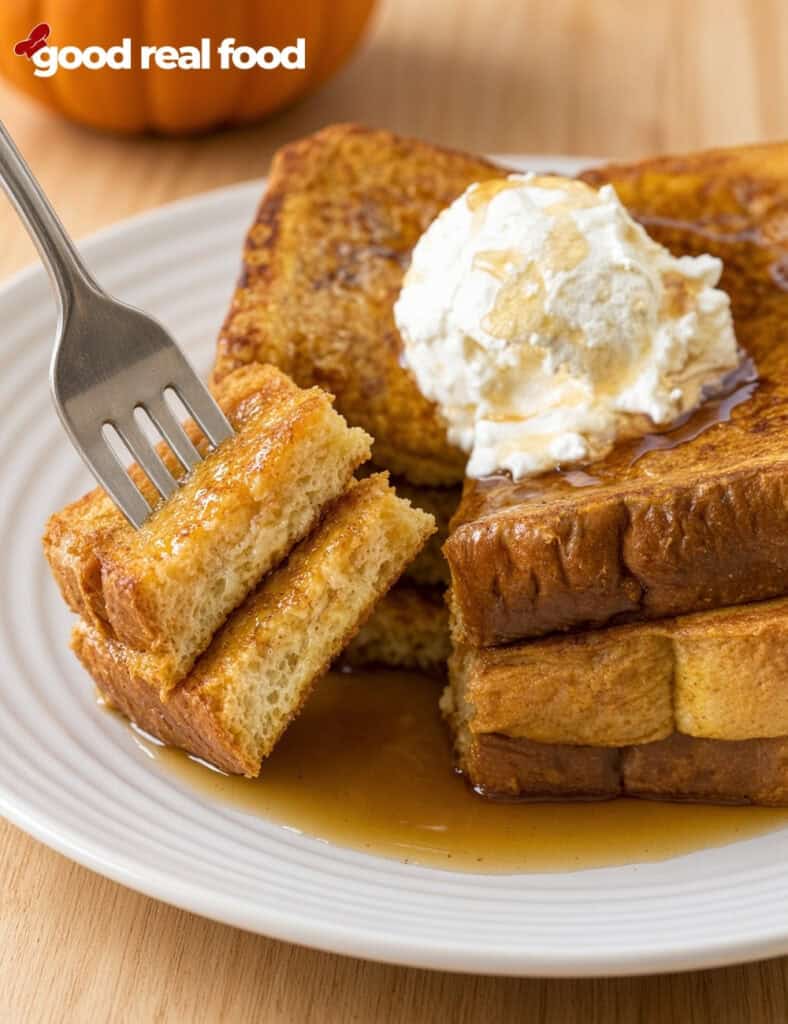 a plate with a stack of pumpkin spice French toast with a piece on a fork a plate with a stack of pumpkin spice French toast with a piece on a fork on a white plate on a wood counter next to a pumpkin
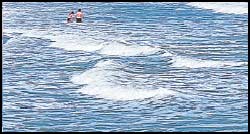 Swimmers enjoy the Myrtle Beach surf during a summer afternoon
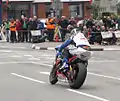 18th Isle of Man TT race win for John McGuinness and new race record. Superbike TT 999cc Honda Parliament Square, Ramsey – 2 June 2012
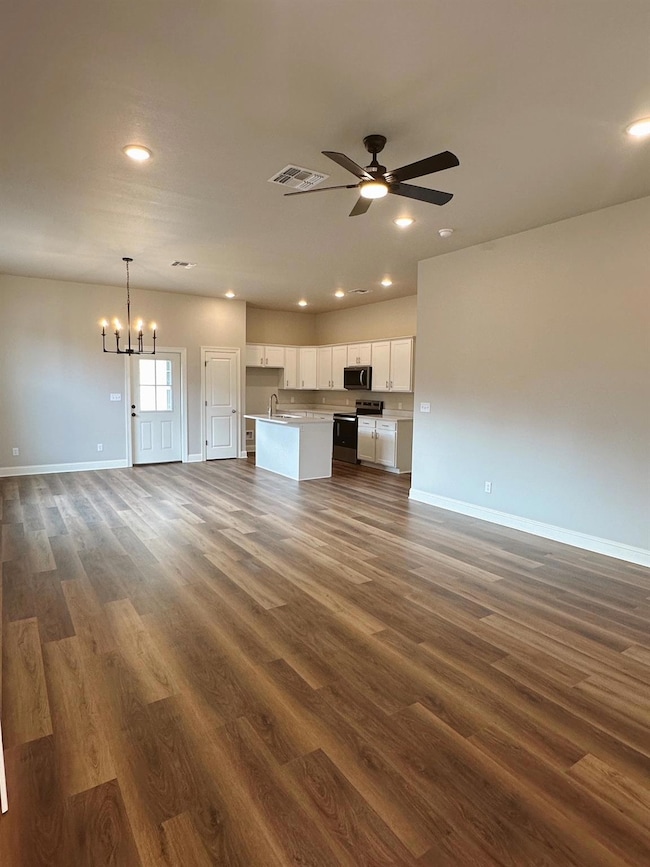 Unfurnished living room featuring sink, dark hardw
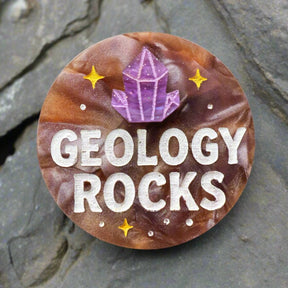 Acrylic brooch with 'Geology Rocks' text and a purple crystal design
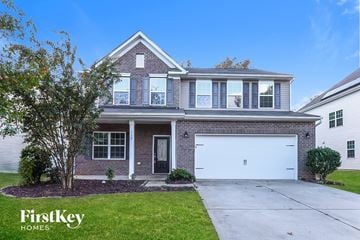 Mooresville house for rent - A house with a garage and a tree in front of it.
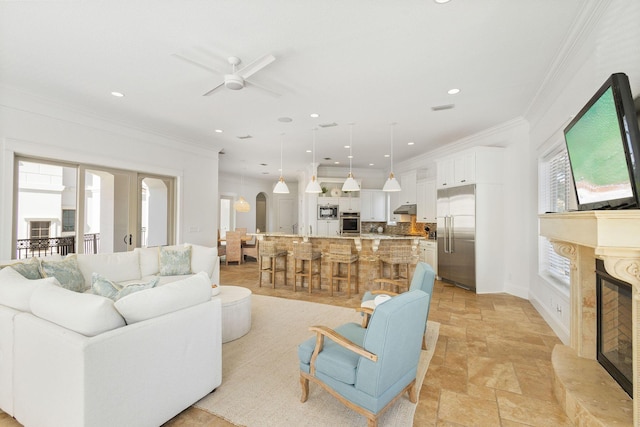 living room with arched walkways, crown molding, stone tile floors, and a premium fireplace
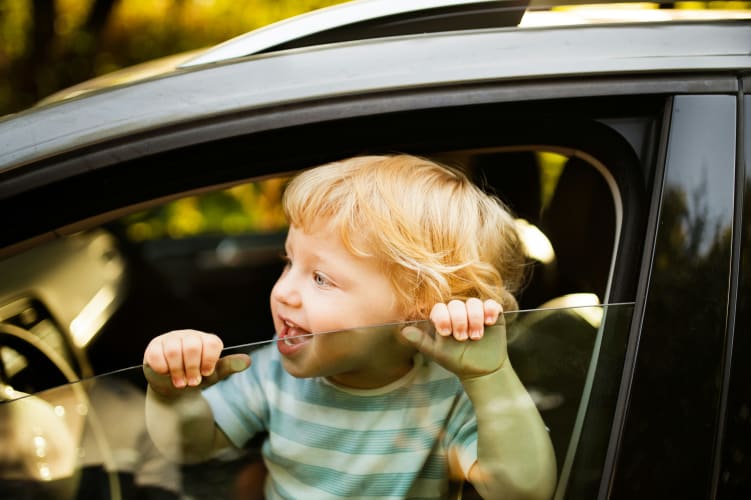 Kleiner blonder Junge schaut lustig aus einem Autofenster null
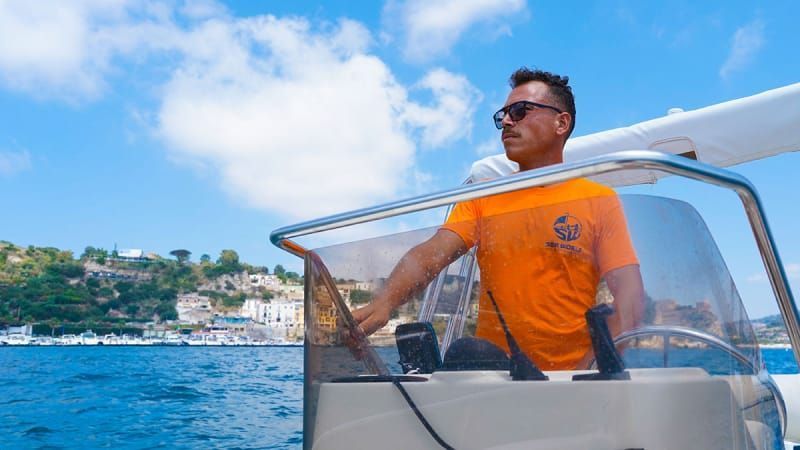 Man steering a boat on blue water with a coastal town in the background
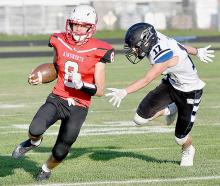 On the second play of the game, Traegan McNally got around the end to score on a 59 yard run. McNally also caught two passes for touchdowns and threw for three more touchdowns.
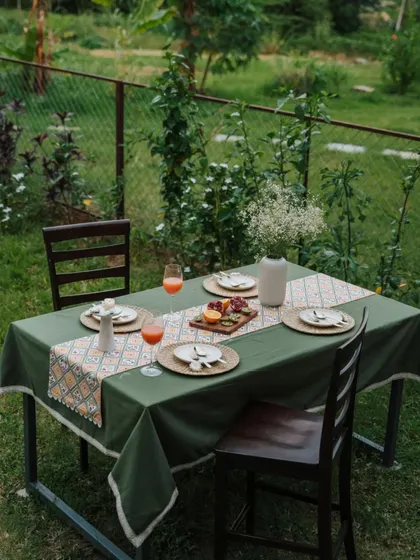 An outdoor dining scene featuring our solid green tablecloth and a patterned runner. This combination creates a lush, garden-inspired look that is both sophisticated and welcoming.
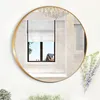 A round gold-framed mirror hangs on a white wall, reflecting a room with a window, blinds, and a chandelier. Produktbild-Vorschau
-*-
Your objective:
From the line with "On the second" to the final line of the records, inclusive, set down the lines exactly and add nothing; leave every picture out.

Answer below:
 On the second play of the game, Traegan McNally got around the end to score on a 59 yard run. McNally also caught two passes for touchdowns and threw for three more touchdowns.
 An outdoor dining scene featuring our solid green tablecloth and a patterned runner. This combination creates a lush, garden-inspired look that is both sophisticated and welcoming.
 A round gold-framed mirror hangs on a white wall, reflecting a room with a window, blinds, and a chandelier. Produktbild-Vorschau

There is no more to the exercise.